While in Bulawayo, we took a day trip to visit Motobo National Park, a UNESCO World Heritage Site. Unlike most parks in Southern Africa, it is known more for its scenery than its wild life and is considered to have some of the best granite scenery in the world. Given all of the granite surfaces (ancient canvases), it is also dense with Rock Art left behind by the San people thousands of years ago. The landscape here is so impressive that John Cecil Rhodes (wealthy entrepreneur who created Rhodesia) chose to be buried here. His grave is located at a spot called “World’s View” – the top of a hill which provides a 360 degree view of the park. The landscape is unique and beautiful. It makes you wonder how all of these gigantic boulders ended up in one spot – it almost seems unnatural.
IMG_4639.jpg Granite Scenery in Motobo Park
IMG_4641.jpg Rock Art
IMG_4651a.jpg On top of World's View
IMG_4656a.jpg It's a tough job...
After Bulawayo, we travelled on three bone crunching combis (even Jeff complained about the squeeze) to Great Zimbabwe National Park, another UNESCO World Heritage Site. Great Zimbabwe consists of stone ruins from a city occupied between the 11th and 14th centuries. It was a powerful religious and political center, but due to overcrowding and the exploitation of local resources, the city was eventually abandoned. The ruins are the oldest surviving structures in Africa after the Pyramids. We had never heard of Great Zimbabwe before, but several locals recommended it. I was impressed by how much of the site is still intact, especially given that the walls were made without mortar - just stone stacked on stone. We stayed inside the park for two nights in rondavels (small circular huts) and spent the evenings relaxing by campfires.

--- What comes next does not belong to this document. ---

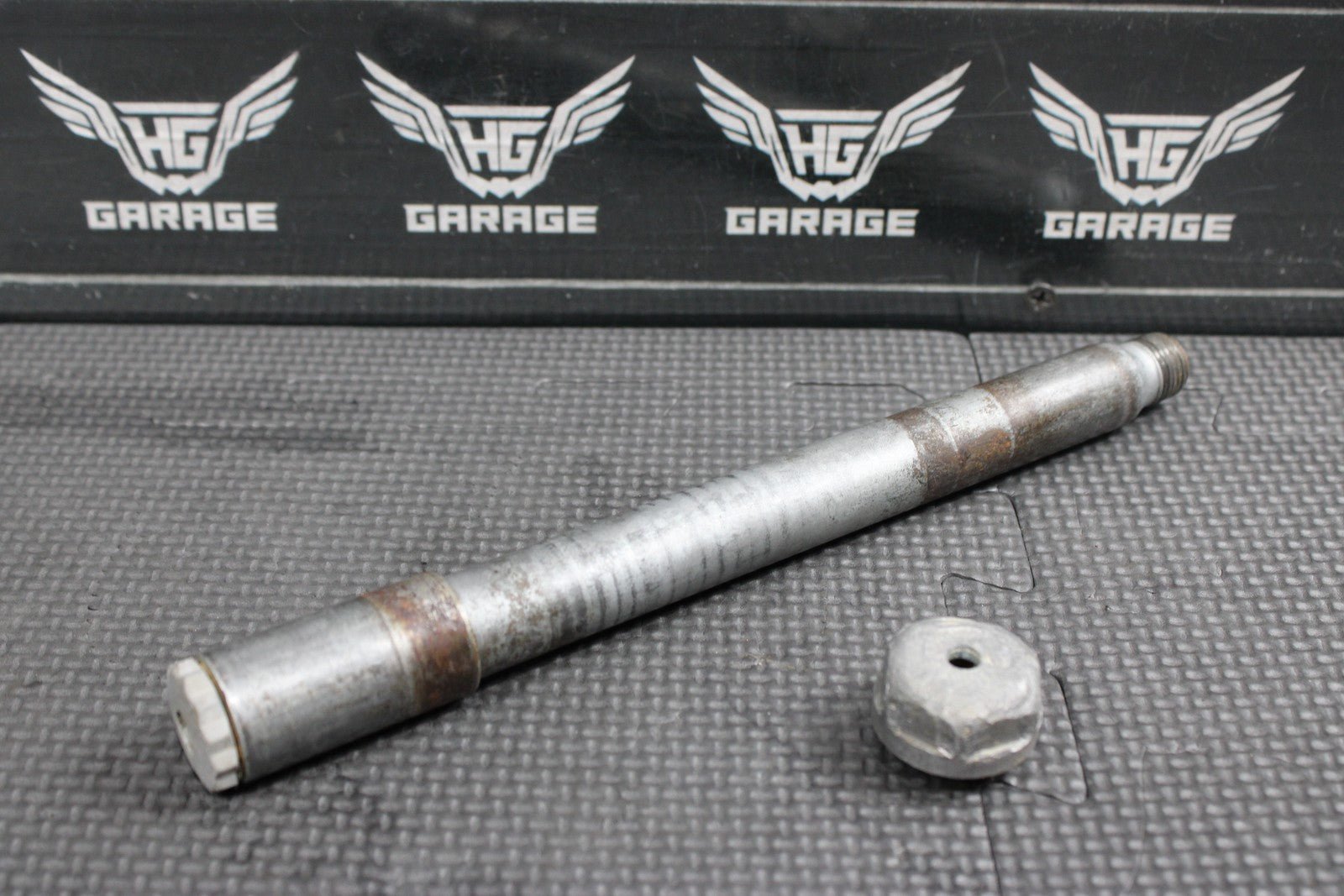 2000 KTM 250 EXC OEM FRONT WHEEL RIM AXLE PIVOT BOLT 50309081100 - hggarage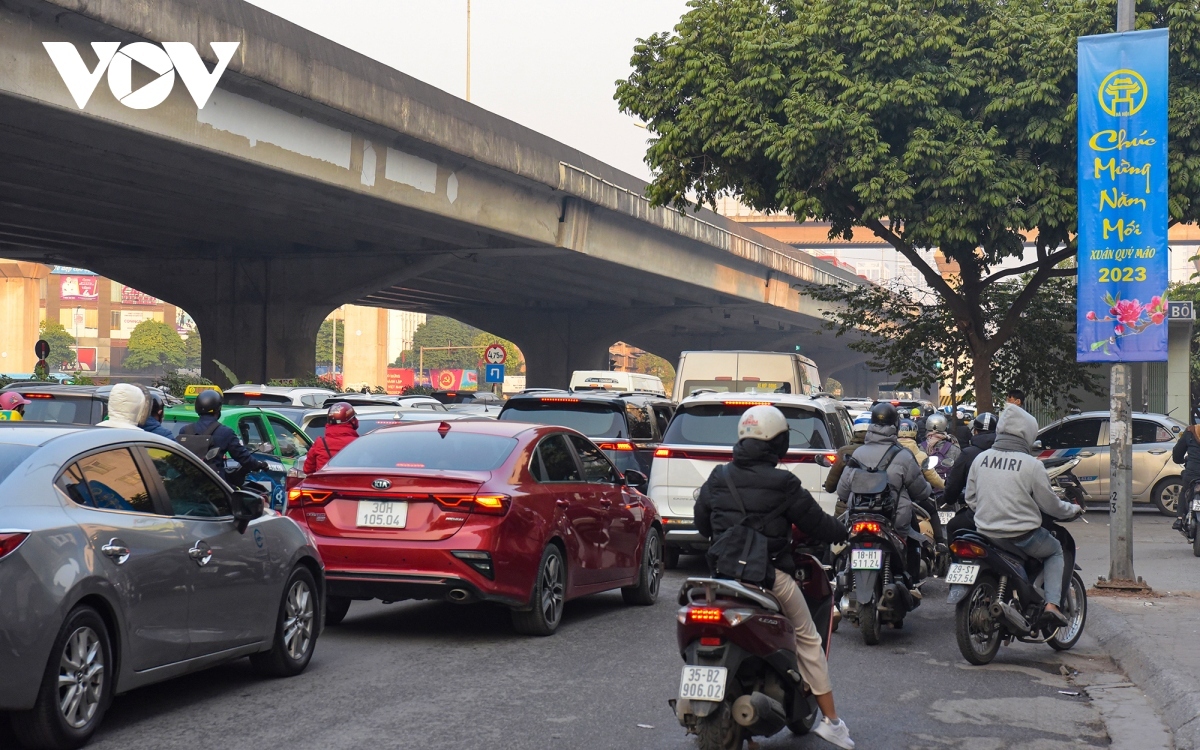 hanoi sees light traffic congestion on the first working day after tet picture 7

It was a cool site to see and if you’re ever in Zim (next month, I know), we would definitely recommend a visit.
IMG_4726.jpg View of the Great Enclosure
IMG_4788.jpg The Hilltop complex
IMG_4807.jpg The walls of Great Zimbabwe
IMG_4824.jpg Jeff relaxing by the campfire
IMG_4828.jpg The moon that night...I was just impressed at the detail Jeff got with the camera
To conclude our tour of Zimbabwe, we traveled back to Bulawayo and caught an overnight train to Victoria Falls in order to see the falls from the Zim side. It was noted in our guide book and by fellow travelers that we should get 1st class/sleeper car tickets for the train as the economy cars were sketchy and overcrowded. Well, as luck would have it, there was only one 1st class/sleeper car ticket left, so Jeff opted for an economy ticket and I took the 1st class/sleeper car ticket. When we got to the train platform, we realized that the economy cars were going to be crazy because the masses started to run- like full sprint- to claim seats (no assigned seating). When I say that economy was crowded, I mean like “combi” crowded - some people didn’t even have seats, they were sitting in the aisles and standing in between cars, it was insane. After we found Jeff a seat (e.g., a spot on a wooden bench), I walked leisurely to my 1st class/sleeper car, a small compartment with seats that convert to beds. It was decent by western standards, but amazing in comparison to economy. Surprisingly, no one else showed up in my compartment. So after the train departed, I found a conductor who was willing to upgrade Jeff in exchange for the difference in fares. I ambled my way through four train cars, stepping over people in the aisles and pushing through drunks in the dining car, to find Jeff scrunched between several locals, his bags on his lap and his head down. “You’ve been upgraded…let’s get the heck out of here” I said. He looked at me like I was the Messiah. We now refer to this as the “rescue mission”. We paid the difference (from $6 to $8…crazy, right) and the conductor even upgraded us to a private sleeper. Jeff said it was by far the best $2 we’d ever spent. It was a much more pleasant evening knowing we were both in the same place and that Jeff could go to the bathroom without losing his seat. This is Africa!
Our train arrived in the morning, so after taking a hot shower at our hostel (one of life’s simple pleasures), we headed out to see the falls. In the end, we found Victoria Falls to be more impressive from the Zimbabwe side than the Zambia side. The views are broader and, as a result, grander. The town of Victoria Falls, Zimbabwe was nicer than Livingston, Zambia as well. It was designed to be walkable, so we made our own way to the falls and enjoyed lots of nice views. Since we were further back from the falls, we also did not get as wet as we did on the Zam side. The water is unseasonably high right now, so the falls are really gushing. We also stopped by the “Big Tree”, an enormous Balboa Tree that was once a trading point between Zim and Zam. Our guide book indicated that high tea at the Victoria Falls Hotel was a must-not-miss experience and having such a positive experience on the Zambia side we had to try it out. High tea at the Victoria Falls Hotel was delicious and provided us a few minutes in luxury, with a beautiful view, but we agreed that high tea at the Royal Livingstone was the winner between the two.
IMG_4851.jpg Downriver from the Falls- nice views of the canyon
IMG_4886.jpg Vic Falls on the Zimbabwe side
IMG_4897.jpg High Tea!!!
Interestingly, Zimbabwe recently made the US Dollar its official currency which made it very easy for us to restock our supply. Unfortunately, the US Dollars available in Zim are old and beat up. We even received two dollar bills as change a few times (that must be where all of our two dollar bills went). But, strangely there is a short supply of US coins. As a result, people use South African coins instead of US coins.
We are waking up early tomorrow morning to cross back into Zambia and catch a bus to Lusaka, the capital of Zambia. We will write again soon! Thank you for reading and staying in touch with us!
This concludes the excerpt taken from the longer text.